## [ACTION ITEM]
Print every line below exactly as written, but leave the pictures behind.

++++++++++++++++++++

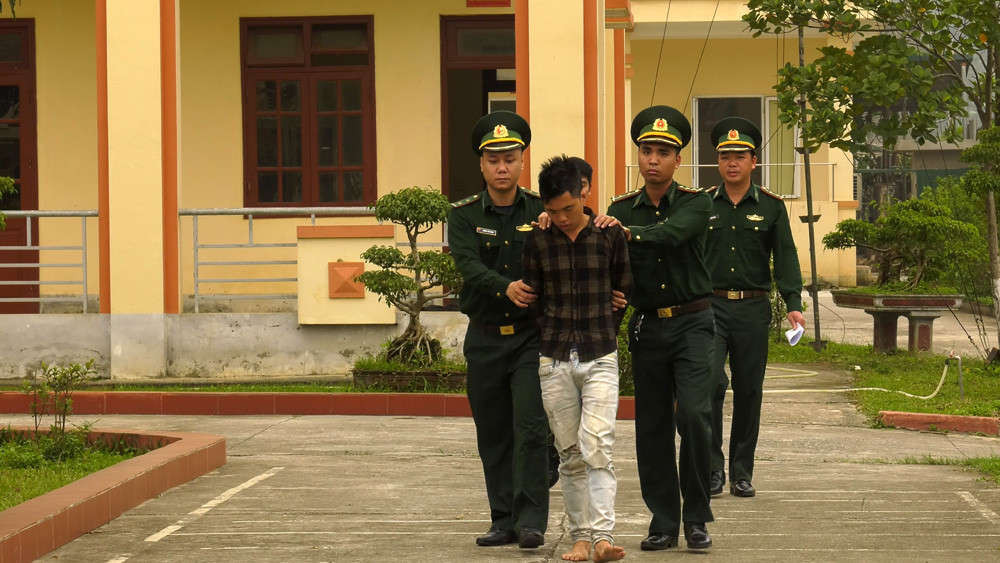 Đối tượng Lý Láo Tả bị cán bộ Đồn biên phòng Cửa khẩu quốc tế Lào Cai bắt giữ.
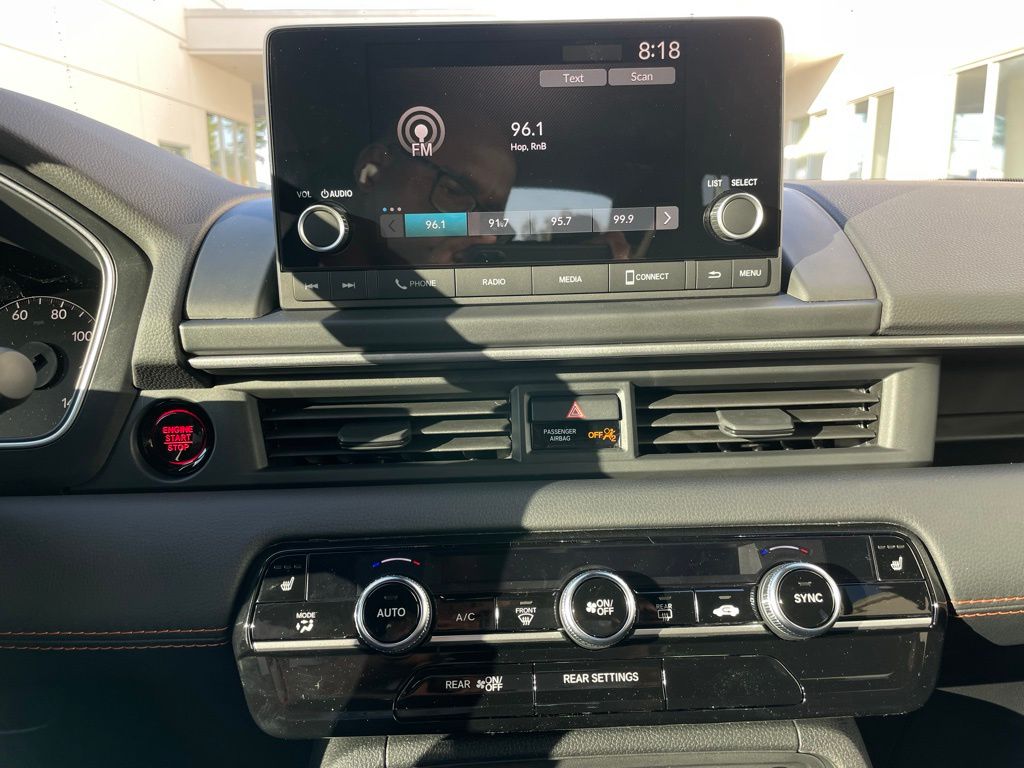 Thumbnail: 2025 Honda Pilot - 18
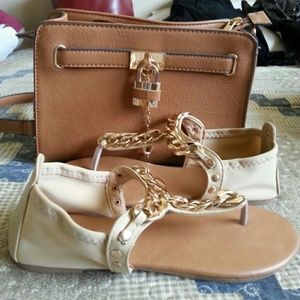 Cream stretch summer sandals *price lowered*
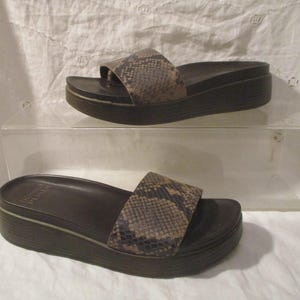 Donald Pliner "Fiji" ormskinns-präglade lädersandaler med platåmönster bild 2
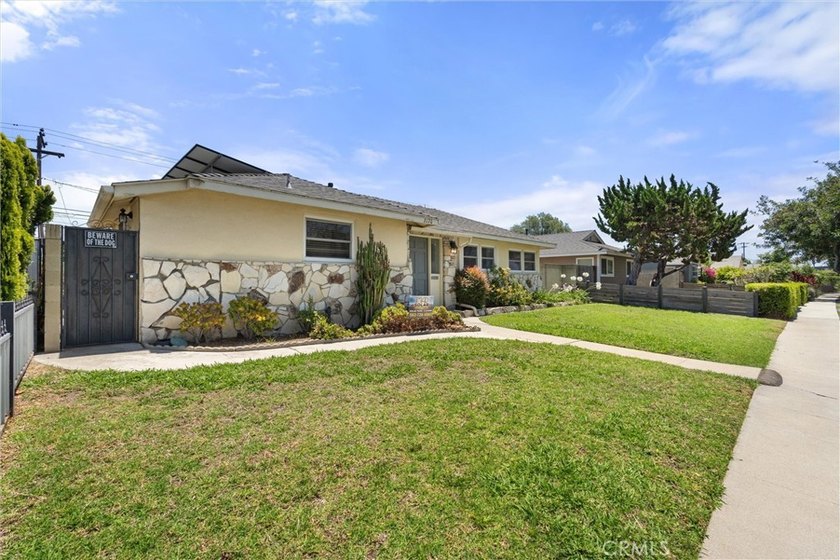 Welcome to your perfect Plaza home, ideally situated on a - photo 8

++++++++++++++++++++

## [ANSWER AREA]
 Đối tượng Lý Láo Tả bị cán bộ Đồn biên phòng Cửa khẩu quốc tế Lào Cai bắt giữ.
 Thumbnail: 2025 Honda Pilot - 18
 Cream stretch summer sandals *price lowered*
 Donald Pliner "Fiji" ormskinns-präglade lädersandaler med platåmönster bild 2
 Welcome to your perfect Plaza home, ideally situated on a - photo 8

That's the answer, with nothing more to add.